(Excerpts from a dataset)
--- START ---
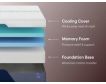 Nectar Luxe Memory Foam 5.1 Full Mattress small image number 4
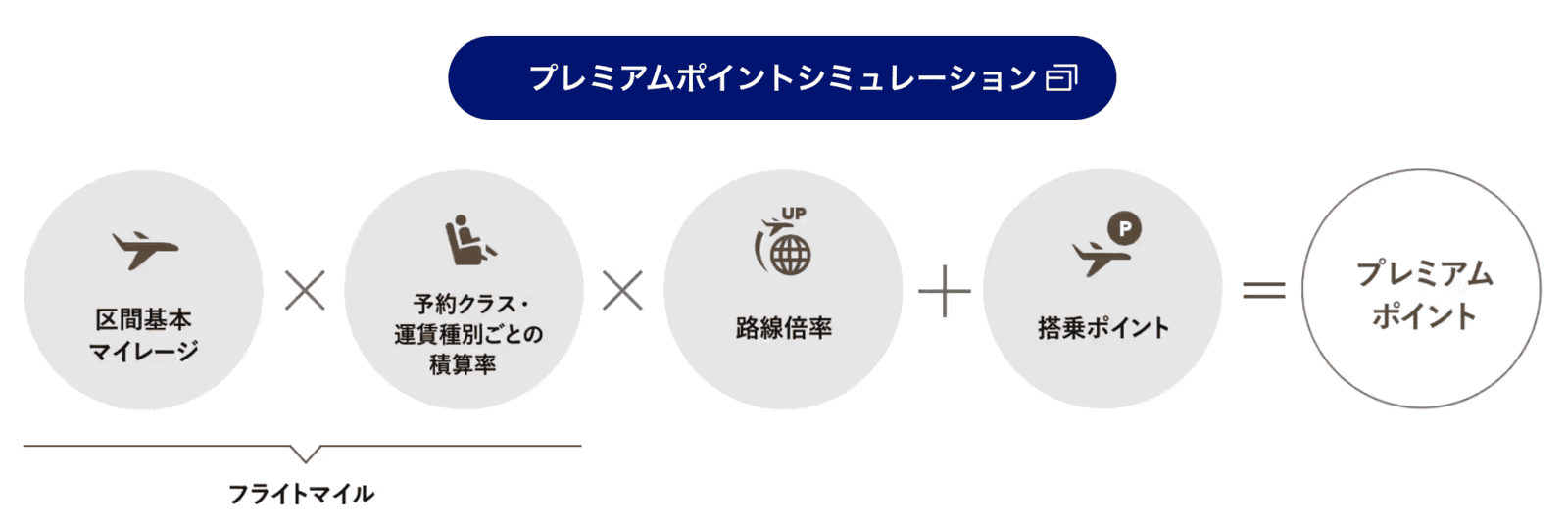 プレミアムポイントの計算方法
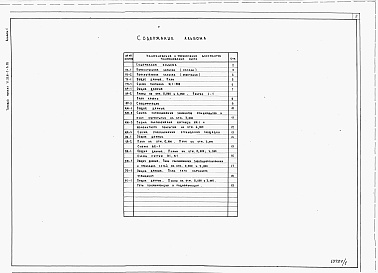 Состав альбома. Типовой проект У.228-7-3.95Альбом 1 Пояснительная записка. Технологические решения. Генплан и транспорт. Архитектурные решения. Конструкции железобетонные. Отопление и вентиляция. Внутренний водопровод и канализация. Электрооборудование. Электроосвещение. Связь и сигнализация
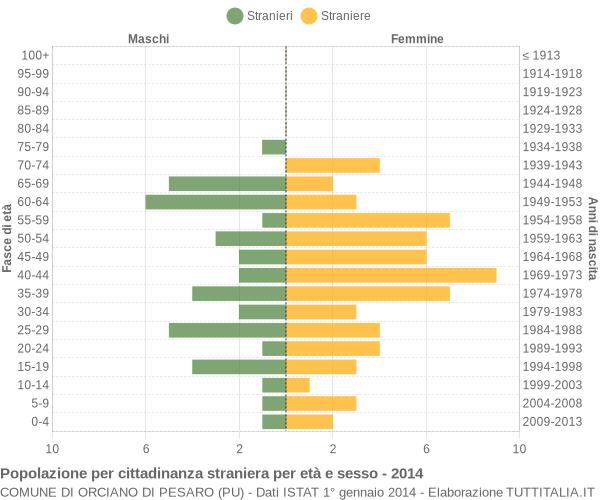 Grafico cittadini stranieri - Orciano di Pesaro 2014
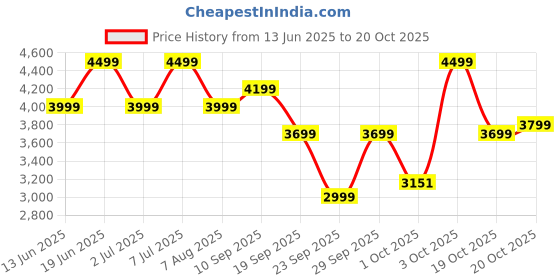 flipkart.com parx Men 2 Piece Suit Self Design Suit parx Price History Graph from 13 Jun 2025 to 20 Oct 2025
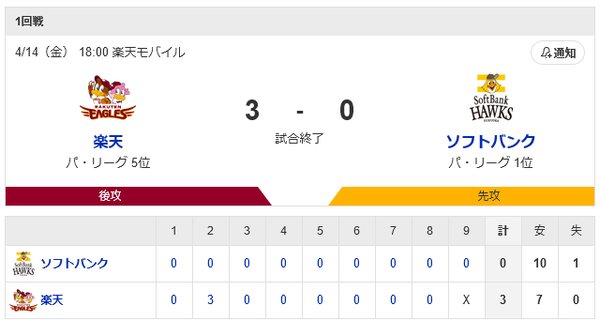 ホークス11年ぶりの“珍敗”　2桁安打を放ちながら無得点で連勝ストップ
--- END ---
## Exercise instructions:
Please copy the data shown above precisely, leaving the images out.

## Response to the exercise:
 Nectar Luxe Memory Foam 5.1 Full Mattress small image number 4
 プレミアムポイントの計算方法
 Состав альбома. Типовой проект У.228-7-3.95Альбом 1 Пояснительная записка. Технологические решения. Генплан и транспорт. Архитектурные решения. Конструкции железобетонные. Отопление и вентиляция. Внутренний водопровод и канализация. Электрооборудование. Электроосвещение. Связь и сигнализация
 Grafico cittadini stranieri - Orciano di Pesaro 2014
 flipkart.com parx Men 2 Piece Suit Self Design Suit parx Price History Graph from 13 Jun 2025 to 20 Oct 2025
 ホークス11年ぶりの“珍敗”　2桁安打を放ちながら無得点で連勝ストップ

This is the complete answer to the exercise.